Leaving out pictures, output exactly the lines below from the one that has "Front line Los" through the one that has "Außenansicht - Etagenwohnung", and nothing else.
[Data — start]
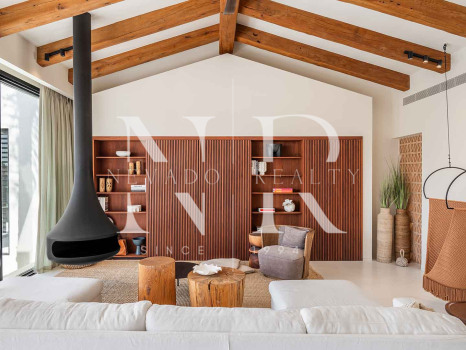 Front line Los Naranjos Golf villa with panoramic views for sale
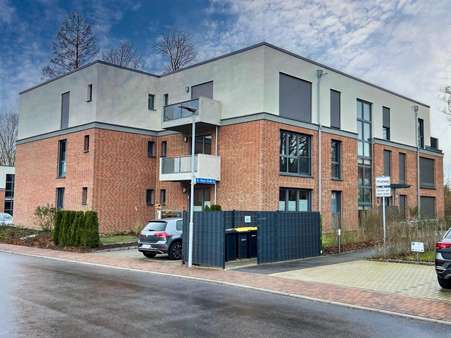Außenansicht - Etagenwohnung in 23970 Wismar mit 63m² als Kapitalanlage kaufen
[Data — finish]
[Data — start]
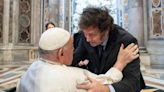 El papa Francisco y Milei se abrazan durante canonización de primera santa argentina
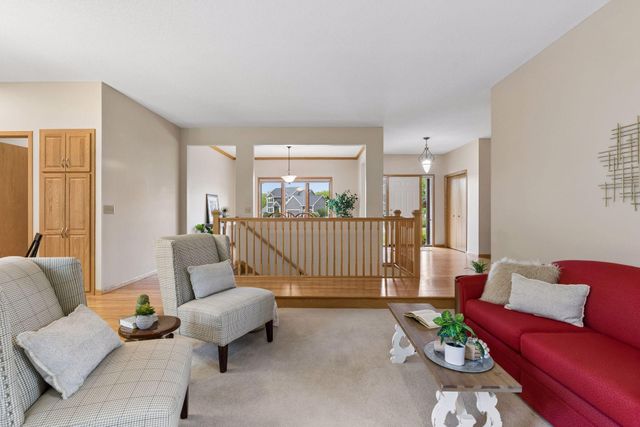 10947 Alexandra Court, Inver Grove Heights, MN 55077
[Data — finish]
**Response to this task**:
 Front line Los Naranjos Golf villa with panoramic views for sale
Außenansicht - Etagenwohnung in 23970 Wismar mit 63m² als Kapitalanlage kaufen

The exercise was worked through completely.